**Parallel Operation of Synchronous Generator:**

We already know that synchronous machine connected to infinite bus-bars. Parallel Operation of Synchronous Generator of two finite size will be considered, which is the way large practical size generators are used. In a power system the generators are connected to the nodes of a grid composed of a network of transformers and transmission lines. A national level grid may comprise even hundreds of generators and hundreds of kilometres of the transmission line. The grid formation is dictated by reasons of reliability (continuity of supply) and by investment and operating economics of the power plant.

Parallel Operation of Synchronous Generator shown in Figure 8.62 shows two synchronous generators along with their primemovers to be operated in parallel. After the two generators are brought to their respective synchronous speeds and their field currents adjusted to give nearly equal terminal voltages, switch S is closed in accordance with the synchronizing procedure. Active and reactive powers, supplied to the common load by each generator, are controlled respectively by their primemover throttles and field currents.

The active power-sharing between paralleled generators is dependent upon the droop of the frequency (speed)-power characteristics of the primemovers and their governors. Theses characteristics are nearly linear for small changes in the operating (rated) frequency and power as shown in Fig. 8.63. These characteristics can be slided up or down by adjustment of the set points of their governors. Drooping frequency-power characteristics are essential for proper loading between generators and the adjustment thereof.

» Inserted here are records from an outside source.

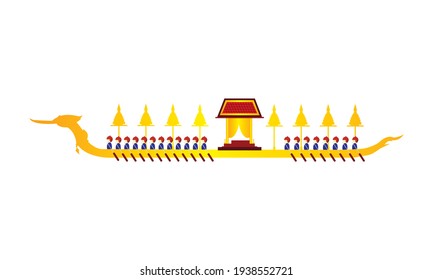 Vector of beautiful Thai Royal Barge Suphannahong on a River of Thailand,Traditional Thai style Vector concept.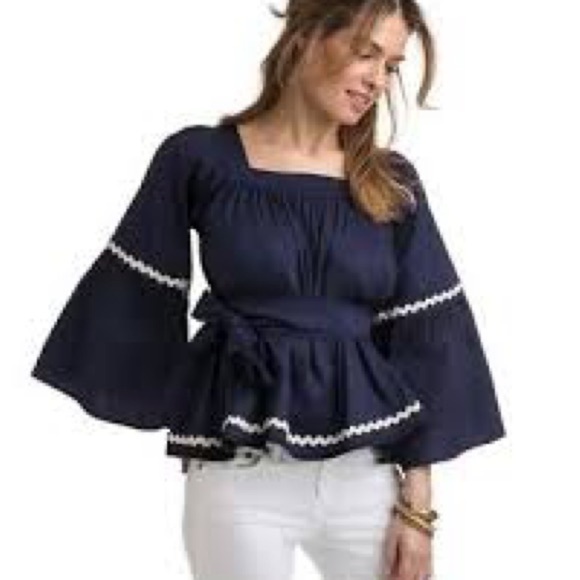 Vineyard Vines Ric Rac Navy Blue Women's Top with Bell Sleeves - Picture 2 of 6
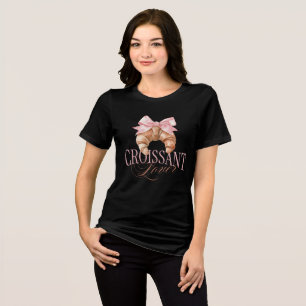 Weicher rosa Schleifen französischer Coquette-Croi Tri-Blend Shirt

For the solid-line characteristics shown in Fig. 8.63, load P_{L} = AB at frequency *f* (rated) is shared as P_{1} and P_{2} such that P_{1} + P_{2} = P_{L}. In order to increase the load on G_{2} and to correspondingly reduce the load on G_{1}, the frequency-power characteristic of G_{2} must be raised by adjustment of the governor setting, and to keep the frequency constant the characteristic of G_{1} must be simultaneously lowered. It is seen from the figure that with this adjustment, P_{L} = P′_{1} + P′_{2} where (P_{1} — P’_{1}) = (P’_{2} — P_{2}) = ΔP, the load amount which is transferred from G_{1} to G_{2} by adjustment of governors. It also follows that if the governor setting of only one of the primemovers is adjusted, the system frequency would change. During the process of governor setting adjustment, the system undergoes load-frequency transient which would soon die out (provided the governors are properly damped) and steady load-frequency conditions established with new load sharing.

Changes in excitation of Parallel Operation of Synchronous Generator affect the terminal voltage and reactive-power loading with active power sharing remaining unchanged (primemover governor settings are not disturbed). This was clarified with respect to a single machine connected to infinite bus-bars. For the system of two generators as in Fig. 8.62, assume that the two generators are identical, their primemover governors are adjusted for equal load sharing in parallel operation of synchronous generator and their excitations are equal; so that they operate with identical currents and power factors (i.e. both active and reactive powers are equally shared). The phasor diagram under these operating conditions, identical for each generator, is shown in Fig. 8.64 in thick line.

**KVAR Control of Parallel Synchronous Generators:**

For the given total load and equal sharing of real load, let the excitation of G_{1} be now increased and that of G_{2} simultaneously reduced in such a manner as to keep the terminal voltage unchanged. Each generator, therefore, behaves as if it is connected to infinite bus-bars, i.e., E* _{f}* sin δ will remain constant. With active power on each generator fixed (at half the total), the projection of generator (each) current on V

_{t}(active current component) will also remain constant and as a result the power factor of G

_{1}goes down and that of G

_{2}improves (figure is drawn for upf).

Thus G_{1} supplies more kVAR to load and G_{2} supplies an equal amount less. This is how reactive load sharing between generators can be controlled. If, however, the excitation of only one of the generators is raised (or lowered), the terminal voltage will increase (or decrease) while this generator shares a larger (or smaller) part of load kVAR. For raising (lowering) the terminal voltage without modifying the kVAR sharing, the excitation of both the generators must be raised (or lowered).

Excitation is automatically controlled by voltage regulators acting on the field circuits of generators. All that is needed to be done is to change the set-points of voltage regulators.

The prime mover governor and generator voltage regulator control loops are assumed independent in the above. They are, however, weakly coupled because of losses in generators. Independence of control loops is a good working assumption.